● Exercise directions
What you return must match the data exactly, line for line.

● Material for this exercise
○ ○ ○ ○ ○ ○ ○

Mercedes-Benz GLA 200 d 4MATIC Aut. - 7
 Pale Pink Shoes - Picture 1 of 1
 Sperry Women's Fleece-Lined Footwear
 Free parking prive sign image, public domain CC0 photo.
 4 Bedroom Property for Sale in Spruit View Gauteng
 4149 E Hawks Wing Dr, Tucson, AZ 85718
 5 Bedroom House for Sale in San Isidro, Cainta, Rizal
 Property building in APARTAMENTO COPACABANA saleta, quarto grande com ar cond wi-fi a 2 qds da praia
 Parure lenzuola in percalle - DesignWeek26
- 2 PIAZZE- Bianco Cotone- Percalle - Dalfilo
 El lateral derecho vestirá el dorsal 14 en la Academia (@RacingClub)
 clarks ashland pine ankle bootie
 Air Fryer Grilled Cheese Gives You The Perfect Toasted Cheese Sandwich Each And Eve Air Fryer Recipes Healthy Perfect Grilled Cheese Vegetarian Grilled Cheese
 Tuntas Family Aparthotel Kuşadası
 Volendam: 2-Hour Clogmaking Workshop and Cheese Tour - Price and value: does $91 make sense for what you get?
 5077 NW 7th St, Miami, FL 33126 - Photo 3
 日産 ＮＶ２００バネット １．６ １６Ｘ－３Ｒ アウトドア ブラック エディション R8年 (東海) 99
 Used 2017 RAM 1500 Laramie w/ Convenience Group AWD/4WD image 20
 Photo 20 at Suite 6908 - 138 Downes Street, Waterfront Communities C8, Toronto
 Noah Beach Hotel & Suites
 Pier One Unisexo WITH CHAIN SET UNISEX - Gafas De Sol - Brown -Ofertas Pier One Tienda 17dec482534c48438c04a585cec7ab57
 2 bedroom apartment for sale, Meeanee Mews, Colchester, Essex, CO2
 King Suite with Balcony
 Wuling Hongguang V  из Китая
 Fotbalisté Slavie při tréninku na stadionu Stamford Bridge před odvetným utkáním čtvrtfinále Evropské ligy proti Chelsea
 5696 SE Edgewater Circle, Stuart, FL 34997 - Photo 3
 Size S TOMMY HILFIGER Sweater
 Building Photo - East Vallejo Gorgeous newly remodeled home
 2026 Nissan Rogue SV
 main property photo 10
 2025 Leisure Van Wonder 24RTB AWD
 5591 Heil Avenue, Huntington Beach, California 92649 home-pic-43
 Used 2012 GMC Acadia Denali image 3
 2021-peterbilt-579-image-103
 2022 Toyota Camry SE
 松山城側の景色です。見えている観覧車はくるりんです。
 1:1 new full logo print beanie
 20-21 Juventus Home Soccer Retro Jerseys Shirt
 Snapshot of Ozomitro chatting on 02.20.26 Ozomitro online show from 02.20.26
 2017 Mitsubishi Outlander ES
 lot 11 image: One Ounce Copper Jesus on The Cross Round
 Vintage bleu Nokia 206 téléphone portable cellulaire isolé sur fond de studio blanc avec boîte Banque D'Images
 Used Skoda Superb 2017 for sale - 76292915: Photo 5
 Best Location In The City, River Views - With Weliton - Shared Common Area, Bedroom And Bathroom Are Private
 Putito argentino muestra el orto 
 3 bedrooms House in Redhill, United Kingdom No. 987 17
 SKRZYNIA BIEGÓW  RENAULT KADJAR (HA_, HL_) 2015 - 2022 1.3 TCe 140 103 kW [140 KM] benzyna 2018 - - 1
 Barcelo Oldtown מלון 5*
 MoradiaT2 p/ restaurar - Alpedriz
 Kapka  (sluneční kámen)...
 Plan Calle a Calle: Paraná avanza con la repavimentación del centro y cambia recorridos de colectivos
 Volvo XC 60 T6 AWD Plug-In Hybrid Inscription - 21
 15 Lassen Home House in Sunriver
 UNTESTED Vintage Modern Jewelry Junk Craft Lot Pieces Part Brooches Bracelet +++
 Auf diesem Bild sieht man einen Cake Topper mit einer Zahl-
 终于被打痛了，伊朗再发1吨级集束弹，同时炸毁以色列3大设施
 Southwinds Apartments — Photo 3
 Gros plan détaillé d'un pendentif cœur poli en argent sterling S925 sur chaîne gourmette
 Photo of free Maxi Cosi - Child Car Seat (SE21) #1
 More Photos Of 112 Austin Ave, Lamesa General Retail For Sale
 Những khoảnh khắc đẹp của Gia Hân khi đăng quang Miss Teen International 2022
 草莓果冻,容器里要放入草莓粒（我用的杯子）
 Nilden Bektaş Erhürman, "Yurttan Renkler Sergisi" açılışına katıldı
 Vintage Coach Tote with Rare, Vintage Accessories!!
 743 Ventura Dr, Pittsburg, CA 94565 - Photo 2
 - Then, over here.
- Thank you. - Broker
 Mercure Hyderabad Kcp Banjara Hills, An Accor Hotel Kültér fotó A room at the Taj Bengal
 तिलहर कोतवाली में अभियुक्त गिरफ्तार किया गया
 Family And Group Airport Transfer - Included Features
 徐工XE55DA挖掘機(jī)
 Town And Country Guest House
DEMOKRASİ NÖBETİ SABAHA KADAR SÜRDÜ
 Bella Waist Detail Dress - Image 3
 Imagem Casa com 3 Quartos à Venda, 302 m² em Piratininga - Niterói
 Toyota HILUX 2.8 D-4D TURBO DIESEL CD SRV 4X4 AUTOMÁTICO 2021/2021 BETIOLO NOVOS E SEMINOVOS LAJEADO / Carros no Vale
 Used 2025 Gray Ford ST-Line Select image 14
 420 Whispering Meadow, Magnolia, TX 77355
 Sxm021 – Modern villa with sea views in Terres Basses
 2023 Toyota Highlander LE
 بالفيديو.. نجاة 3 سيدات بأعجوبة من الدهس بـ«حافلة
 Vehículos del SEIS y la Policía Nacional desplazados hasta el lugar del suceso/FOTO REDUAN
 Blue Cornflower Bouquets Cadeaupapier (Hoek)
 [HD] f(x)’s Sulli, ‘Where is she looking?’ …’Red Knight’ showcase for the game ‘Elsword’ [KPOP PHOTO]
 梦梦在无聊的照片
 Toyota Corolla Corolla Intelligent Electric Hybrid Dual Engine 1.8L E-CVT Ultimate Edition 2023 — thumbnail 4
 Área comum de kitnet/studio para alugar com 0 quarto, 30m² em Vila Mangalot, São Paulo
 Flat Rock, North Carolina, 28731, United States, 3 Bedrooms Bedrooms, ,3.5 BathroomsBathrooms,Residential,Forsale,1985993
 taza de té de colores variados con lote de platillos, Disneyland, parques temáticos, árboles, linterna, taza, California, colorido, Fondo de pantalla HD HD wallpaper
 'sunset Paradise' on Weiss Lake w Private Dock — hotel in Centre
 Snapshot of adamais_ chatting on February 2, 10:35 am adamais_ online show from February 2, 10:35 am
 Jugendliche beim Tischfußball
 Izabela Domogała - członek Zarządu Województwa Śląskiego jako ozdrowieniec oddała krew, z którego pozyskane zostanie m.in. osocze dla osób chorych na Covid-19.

○ ○ ○ ○ ○ ○ ○

● Answer for the task
Mercedes-Benz GLA 200 d 4MATIC Aut. - 7
 Pale Pink Shoes - Picture 1 of 1
 Sperry Women's Fleece-Lined Footwear
 Free parking prive sign image, public domain CC0 photo.
 4 Bedroom Property for Sale in Spruit View Gauteng
 4149 E Hawks Wing Dr, Tucson, AZ 85718
 5 Bedroom House for Sale in San Isidro, Cainta, Rizal
 Property building in APARTAMENTO COPACABANA saleta, quarto grande com ar cond wi-fi a 2 qds da praia
 Parure lenzuola in percalle - DesignWeek26
- 2 PIAZZE- Bianco Cotone- Percalle - Dalfilo
 El lateral derecho vestirá el dorsal 14 en la Academia (@RacingClub)
 clarks ashland pine ankle bootie
 Air Fryer Grilled Cheese Gives You The Perfect Toasted Cheese Sandwich Each And Eve Air Fryer Recipes Healthy Perfect Grilled Cheese Vegetarian Grilled Cheese
 Tuntas Family Aparthotel Kuşadası
 Volendam: 2-Hour Clogmaking Workshop and Cheese Tour - Price and value: does $91 make sense for what you get?
 5077 NW 7th St, Miami, FL 33126 - Photo 3
 日産 ＮＶ２００バネット １．６ １６Ｘ－３Ｒ アウトドア ブラック エディション R8年 (東海) 99
 Used 2017 RAM 1500 Laramie w/ Convenience Group AWD/4WD image 20
 Photo 20 at Suite 6908 - 138 Downes Street, Waterfront Communities C8, Toronto
 Noah Beach Hotel & Suites
 Pier One Unisexo WITH CHAIN SET UNISEX - Gafas De Sol - Brown -Ofertas Pier One Tienda 17dec482534c48438c04a585cec7ab57
 2 bedroom apartment for sale, Meeanee Mews, Colchester, Essex, CO2
 King Suite with Balcony
 Wuling Hongguang V  из Китая
 Fotbalisté Slavie při tréninku na stadionu Stamford Bridge před odvetným utkáním čtvrtfinále Evropské ligy proti Chelsea
 5696 SE Edgewater Circle, Stuart, FL 34997 - Photo 3
 Size S TOMMY HILFIGER Sweater
 Building Photo - East Vallejo Gorgeous newly remodeled home
 2026 Nissan Rogue SV
 main property photo 10
 2025 Leisure Van Wonder 24RTB AWD
 5591 Heil Avenue, Huntington Beach, California 92649 home-pic-43
 Used 2012 GMC Acadia Denali image 3
 2021-peterbilt-579-image-103
 2022 Toyota Camry SE
 松山城側の景色です。見えている観覧車はくるりんです。
 1:1 new full logo print beanie
 20-21 Juventus Home Soccer Retro Jerseys Shirt
 Snapshot of Ozomitro chatting on 02.20.26 Ozomitro online show from 02.20.26
 2017 Mitsubishi Outlander ES
 lot 11 image: One Ounce Copper Jesus on The Cross Round
 Vintage bleu Nokia 206 téléphone portable cellulaire isolé sur fond de studio blanc avec boîte Banque D'Images
 Used Skoda Superb 2017 for sale - 76292915: Photo 5
 Best Location In The City, River Views - With Weliton - Shared Common Area, Bedroom And Bathroom Are Private
 Putito argentino muestra el orto 
 3 bedrooms House in Redhill, United Kingdom No. 987 17
 SKRZYNIA BIEGÓW  RENAULT KADJAR (HA_, HL_) 2015 - 2022 1.3 TCe 140 103 kW [140 KM] benzyna 2018 - - 1
 Barcelo Oldtown מלון 5*
 MoradiaT2 p/ restaurar - Alpedriz
 Kapka  (sluneční kámen)...
 Plan Calle a Calle: Paraná avanza con la repavimentación del centro y cambia recorridos de colectivos
 Volvo XC 60 T6 AWD Plug-In Hybrid Inscription - 21
 15 Lassen Home House in Sunriver
 UNTESTED Vintage Modern Jewelry Junk Craft Lot Pieces Part Brooches Bracelet +++
 Auf diesem Bild sieht man einen Cake Topper mit einer Zahl-
 终于被打痛了，伊朗再发1吨级集束弹，同时炸毁以色列3大设施
 Southwinds Apartments — Photo 3
 Gros plan détaillé d'un pendentif cœur poli en argent sterling S925 sur chaîne gourmette
 Photo of free Maxi Cosi - Child Car Seat (SE21) #1
 More Photos Of 112 Austin Ave, Lamesa General Retail For Sale
 Những khoảnh khắc đẹp của Gia Hân khi đăng quang Miss Teen International 2022
 草莓果冻,容器里要放入草莓粒（我用的杯子）
 Nilden Bektaş Erhürman, "Yurttan Renkler Sergisi" açılışına katıldı
 Vintage Coach Tote with Rare, Vintage Accessories!!
 743 Ventura Dr, Pittsburg, CA 94565 - Photo 2
 - Then, over here.
- Thank you. - Broker
 Mercure Hyderabad Kcp Banjara Hills, An Accor Hotel Kültér fotó A room at the Taj Bengal
 तिलहर कोतवाली में अभियुक्त गिरफ्तार किया गया
 Family And Group Airport Transfer - Included Features
 徐工XE55DA挖掘機(jī)
 Town And Country Guest House
DEMOKRASİ NÖBETİ SABAHA KADAR SÜRDÜ
 Bella Waist Detail Dress - Image 3
 Imagem Casa com 3 Quartos à Venda, 302 m² em Piratininga - Niterói
 Toyota HILUX 2.8 D-4D TURBO DIESEL CD SRV 4X4 AUTOMÁTICO 2021/2021 BETIOLO NOVOS E SEMINOVOS LAJEADO / Carros no Vale
 Used 2025 Gray Ford ST-Line Select image 14
 420 Whispering Meadow, Magnolia, TX 77355
 Sxm021 – Modern villa with sea views in Terres Basses
 2023 Toyota Highlander LE
 بالفيديو.. نجاة 3 سيدات بأعجوبة من الدهس بـ«حافلة
 Vehículos del SEIS y la Policía Nacional desplazados hasta el lugar del suceso/FOTO REDUAN
 Blue Cornflower Bouquets Cadeaupapier (Hoek)
 [HD] f(x)’s Sulli, ‘Where is she looking?’ …’Red Knight’ showcase for the game ‘Elsword’ [KPOP PHOTO]
 梦梦在无聊的照片
 Toyota Corolla Corolla Intelligent Electric Hybrid Dual Engine 1.8L E-CVT Ultimate Edition 2023 — thumbnail 4
 Área comum de kitnet/studio para alugar com 0 quarto, 30m² em Vila Mangalot, São Paulo
 Flat Rock, North Carolina, 28731, United States, 3 Bedrooms Bedrooms, ,3.5 BathroomsBathrooms,Residential,Forsale,1985993
 taza de té de colores variados con lote de platillos, Disneyland, parques temáticos, árboles, linterna, taza, California, colorido, Fondo de pantalla HD HD wallpaper
 'sunset Paradise' on Weiss Lake w Private Dock — hotel in Centre
 Snapshot of adamais_ chatting on February 2, 10:35 am adamais_ online show from February 2, 10:35 am
 Jugendliche beim Tischfußball
 Izabela Domogała - członek Zarządu Województwa Śląskiego jako ozdrowieniec oddała krew, z którego pozyskane zostanie m.in. osocze dla osób chorych na Covid-19.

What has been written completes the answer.